American politician (born 1955)

Guy F. Talarico (born August 28, 1955) is an American lawyer and Republican Party politician, who served two full terms in the New Jersey General Assembly, where he represented the 38th Legislative District.

==Biography==
Talarico earned his undergraduate degree from Lehigh University with a major in Chemical Engineering, was awarded a Master of Business Administration degree from Fairleigh Dickinson University with a major in Management and received a J.D. from New York Law School in June 1986. He worked as a Vice President / Sales Executive at Chase Manhattan Corporation. He served as a member of the borough council in Oradell, New Jersey.

Talarico was chosen by Republican county committee members in February 1997 to fill the vacancy created when Patrick J. Roma stepped down from office to take a seat as a judge on the New Jersey Superior Court. He was elected to a full term in the Assembly in 1997 together with Rose Marie Heck of Hasbrouck Heights, and the two were re-elected in 1999. In redistricting following the 2000 census, Talarico was relocated to the 39th Legislative District and came in third in the 2001 Republican primary behind Charlotte Vandervalk and John E. Rooney. In the Assembly, Talarico served as Vice Chair of the Senior Issues and Community Services Committee and as a member of the Law and Public Safety Committee.
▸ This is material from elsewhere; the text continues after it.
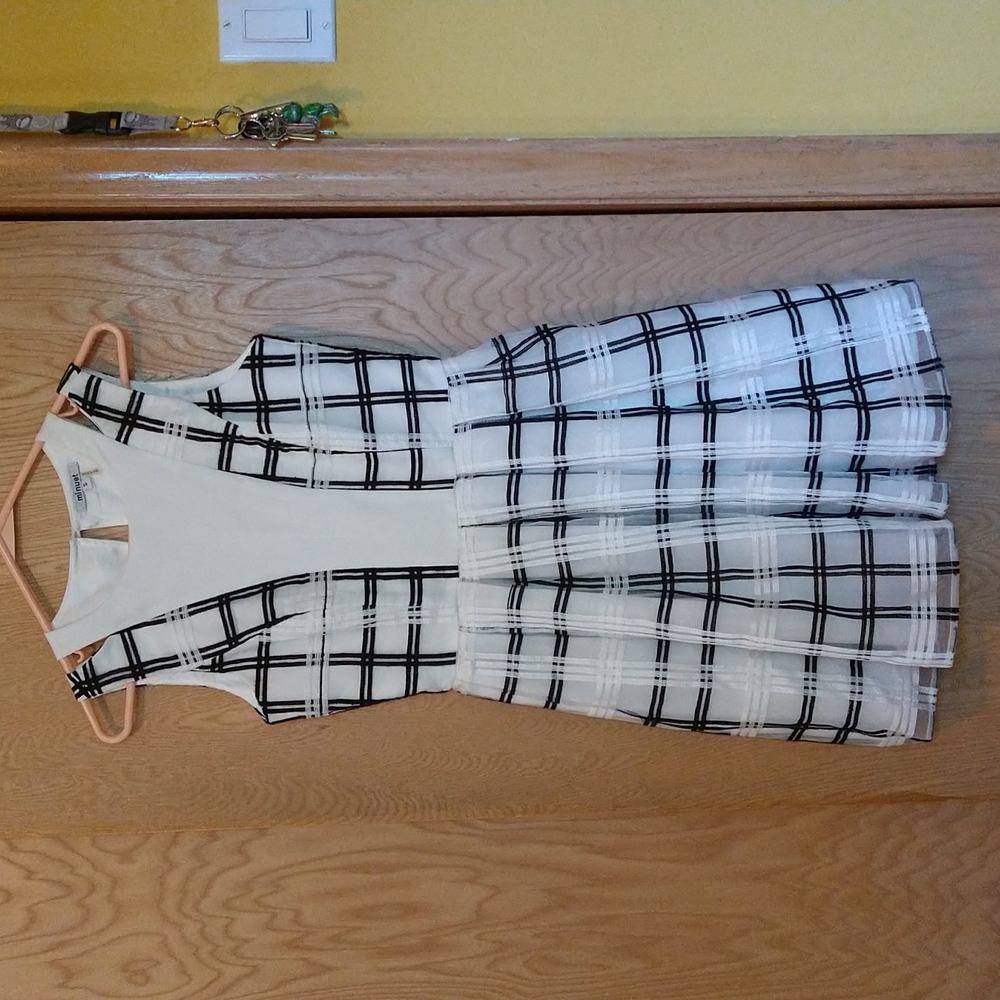 Plaid Embroidered Patterned Formal Dress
In August 1998, Talarico sponsored a bill that would require commitment for those with mental health issues if it is determined that it is likely that they will commit future crimes.

Talarico resigned as chairman of the Bergen County Republican Organization following the loss of Todd Caliguire in the Republican primary to Kevin J. O'Toole.

In January 2023, Talarico announced he was considering a state senate bid in the 38th Legislative District to challenge for seat held by Democratic incumbent Joseph Lagana.